== Exercise instructions ==
From the records below, please repeat exactly the line that has "Corsair | Gaming", the line that has "Tie set PJ 219", and every line between them, and nothing else.

Start of Source records

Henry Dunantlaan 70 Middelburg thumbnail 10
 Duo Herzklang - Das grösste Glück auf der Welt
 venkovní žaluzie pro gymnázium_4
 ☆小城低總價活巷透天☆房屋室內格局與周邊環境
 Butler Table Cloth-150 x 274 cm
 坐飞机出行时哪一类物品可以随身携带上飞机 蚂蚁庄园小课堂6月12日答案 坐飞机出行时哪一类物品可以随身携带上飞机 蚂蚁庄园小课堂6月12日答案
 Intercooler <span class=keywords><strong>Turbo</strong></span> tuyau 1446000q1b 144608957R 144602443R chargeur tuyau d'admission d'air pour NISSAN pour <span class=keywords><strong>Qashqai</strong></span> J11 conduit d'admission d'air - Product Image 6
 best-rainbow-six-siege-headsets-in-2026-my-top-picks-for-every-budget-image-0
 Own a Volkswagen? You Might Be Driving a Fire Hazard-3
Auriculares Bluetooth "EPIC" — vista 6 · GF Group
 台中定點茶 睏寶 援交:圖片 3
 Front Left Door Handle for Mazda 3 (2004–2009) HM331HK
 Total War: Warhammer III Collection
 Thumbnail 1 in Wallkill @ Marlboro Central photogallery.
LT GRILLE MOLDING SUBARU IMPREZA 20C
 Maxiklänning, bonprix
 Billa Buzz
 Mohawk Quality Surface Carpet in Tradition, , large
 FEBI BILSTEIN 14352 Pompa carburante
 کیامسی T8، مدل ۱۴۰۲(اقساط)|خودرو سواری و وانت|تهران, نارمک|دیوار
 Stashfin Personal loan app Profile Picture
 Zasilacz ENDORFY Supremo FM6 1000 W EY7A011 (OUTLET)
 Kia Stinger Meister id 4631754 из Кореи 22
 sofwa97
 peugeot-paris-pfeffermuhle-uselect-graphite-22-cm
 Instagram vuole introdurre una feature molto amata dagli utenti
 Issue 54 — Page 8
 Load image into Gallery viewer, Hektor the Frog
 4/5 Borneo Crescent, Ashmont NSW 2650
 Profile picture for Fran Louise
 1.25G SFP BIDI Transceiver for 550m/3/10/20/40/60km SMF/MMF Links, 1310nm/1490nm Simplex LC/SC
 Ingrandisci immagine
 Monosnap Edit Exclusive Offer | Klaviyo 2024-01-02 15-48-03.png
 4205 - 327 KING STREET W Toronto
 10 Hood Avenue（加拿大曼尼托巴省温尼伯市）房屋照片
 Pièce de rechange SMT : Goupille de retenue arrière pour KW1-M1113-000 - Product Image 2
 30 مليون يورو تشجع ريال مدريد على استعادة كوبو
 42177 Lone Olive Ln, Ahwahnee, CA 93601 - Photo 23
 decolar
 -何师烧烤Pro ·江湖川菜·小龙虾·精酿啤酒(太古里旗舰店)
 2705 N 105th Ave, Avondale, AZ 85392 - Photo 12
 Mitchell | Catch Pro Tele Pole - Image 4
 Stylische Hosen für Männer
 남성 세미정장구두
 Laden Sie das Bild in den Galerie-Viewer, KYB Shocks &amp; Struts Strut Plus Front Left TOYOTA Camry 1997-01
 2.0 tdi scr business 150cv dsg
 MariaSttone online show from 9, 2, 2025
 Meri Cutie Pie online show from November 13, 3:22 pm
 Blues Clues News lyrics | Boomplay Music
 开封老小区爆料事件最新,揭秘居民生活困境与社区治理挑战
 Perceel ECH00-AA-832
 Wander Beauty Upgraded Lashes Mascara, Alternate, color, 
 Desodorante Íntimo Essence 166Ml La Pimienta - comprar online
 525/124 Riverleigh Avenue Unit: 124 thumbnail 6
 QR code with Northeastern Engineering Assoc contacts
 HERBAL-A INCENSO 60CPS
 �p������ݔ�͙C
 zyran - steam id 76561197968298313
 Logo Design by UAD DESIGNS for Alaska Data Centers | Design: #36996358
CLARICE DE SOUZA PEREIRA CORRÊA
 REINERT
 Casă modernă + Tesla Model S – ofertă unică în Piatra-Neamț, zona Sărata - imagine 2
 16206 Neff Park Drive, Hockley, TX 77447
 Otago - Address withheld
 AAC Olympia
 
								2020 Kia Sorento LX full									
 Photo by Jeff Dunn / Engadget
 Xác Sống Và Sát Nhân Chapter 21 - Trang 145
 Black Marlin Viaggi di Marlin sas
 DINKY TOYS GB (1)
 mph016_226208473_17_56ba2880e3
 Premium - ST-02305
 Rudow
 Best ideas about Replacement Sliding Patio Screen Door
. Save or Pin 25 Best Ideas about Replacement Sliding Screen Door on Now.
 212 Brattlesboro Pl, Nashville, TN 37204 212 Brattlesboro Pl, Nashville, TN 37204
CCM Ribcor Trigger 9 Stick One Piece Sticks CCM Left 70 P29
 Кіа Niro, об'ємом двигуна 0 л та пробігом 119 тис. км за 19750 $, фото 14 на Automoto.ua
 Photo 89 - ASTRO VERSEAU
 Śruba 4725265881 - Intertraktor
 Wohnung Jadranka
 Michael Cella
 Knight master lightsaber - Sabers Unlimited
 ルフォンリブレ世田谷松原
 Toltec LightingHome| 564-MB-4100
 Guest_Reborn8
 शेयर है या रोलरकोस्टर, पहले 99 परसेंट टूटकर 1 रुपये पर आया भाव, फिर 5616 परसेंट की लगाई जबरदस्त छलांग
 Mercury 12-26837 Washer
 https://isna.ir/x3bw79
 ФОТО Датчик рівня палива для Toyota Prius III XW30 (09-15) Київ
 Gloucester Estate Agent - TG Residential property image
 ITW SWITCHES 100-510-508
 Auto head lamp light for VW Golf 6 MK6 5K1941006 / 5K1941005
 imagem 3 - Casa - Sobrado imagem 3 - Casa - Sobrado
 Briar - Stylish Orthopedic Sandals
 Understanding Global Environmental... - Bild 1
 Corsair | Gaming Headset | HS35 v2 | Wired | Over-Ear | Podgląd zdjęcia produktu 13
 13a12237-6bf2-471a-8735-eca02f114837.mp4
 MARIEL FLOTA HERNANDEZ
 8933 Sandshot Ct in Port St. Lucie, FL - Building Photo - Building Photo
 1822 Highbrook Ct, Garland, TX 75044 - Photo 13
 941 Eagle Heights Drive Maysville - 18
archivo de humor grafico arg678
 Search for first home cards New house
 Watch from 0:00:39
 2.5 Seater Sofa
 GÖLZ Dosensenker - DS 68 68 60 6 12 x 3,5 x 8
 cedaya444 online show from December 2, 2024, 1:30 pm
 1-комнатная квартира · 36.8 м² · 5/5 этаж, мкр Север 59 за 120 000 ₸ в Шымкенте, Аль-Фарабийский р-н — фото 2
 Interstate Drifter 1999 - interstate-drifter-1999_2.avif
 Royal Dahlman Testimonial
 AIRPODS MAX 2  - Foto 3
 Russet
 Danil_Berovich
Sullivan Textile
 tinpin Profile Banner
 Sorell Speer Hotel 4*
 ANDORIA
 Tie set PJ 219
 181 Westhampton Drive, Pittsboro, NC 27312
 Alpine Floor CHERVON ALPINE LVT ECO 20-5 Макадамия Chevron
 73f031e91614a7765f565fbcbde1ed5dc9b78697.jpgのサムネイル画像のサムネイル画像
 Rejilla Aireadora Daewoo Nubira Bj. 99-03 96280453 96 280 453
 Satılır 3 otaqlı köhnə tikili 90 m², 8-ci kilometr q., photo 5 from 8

End of Source records

== Response area ==
 Corsair | Gaming Headset | HS35 v2 | Wired | Over-Ear | Podgląd zdjęcia produktu 13
 13a12237-6bf2-471a-8735-eca02f114837.mp4
 MARIEL FLOTA HERNANDEZ
 8933 Sandshot Ct in Port St. Lucie, FL - Building Photo - Building Photo
 1822 Highbrook Ct, Garland, TX 75044 - Photo 13
 941 Eagle Heights Drive Maysville - 18
archivo de humor grafico arg678
 Search for first home cards New house
 Watch from 0:00:39
 2.5 Seater Sofa
 GÖLZ Dosensenker - DS 68 68 60 6 12 x 3,5 x 8
 cedaya444 online show from December 2, 2024, 1:30 pm
 1-комнатная квартира · 36.8 м² · 5/5 этаж, мкр Север 59 за 120 000 ₸ в Шымкенте, Аль-Фарабийский р-н — фото 2
 Interstate Drifter 1999 - interstate-drifter-1999_2.avif
 Royal Dahlman Testimonial
 AIRPODS MAX 2  - Foto 3
 Russet
 Danil_Berovich
Sullivan Textile
 tinpin Profile Banner
 Sorell Speer Hotel 4*
 ANDORIA
 Tie set PJ 219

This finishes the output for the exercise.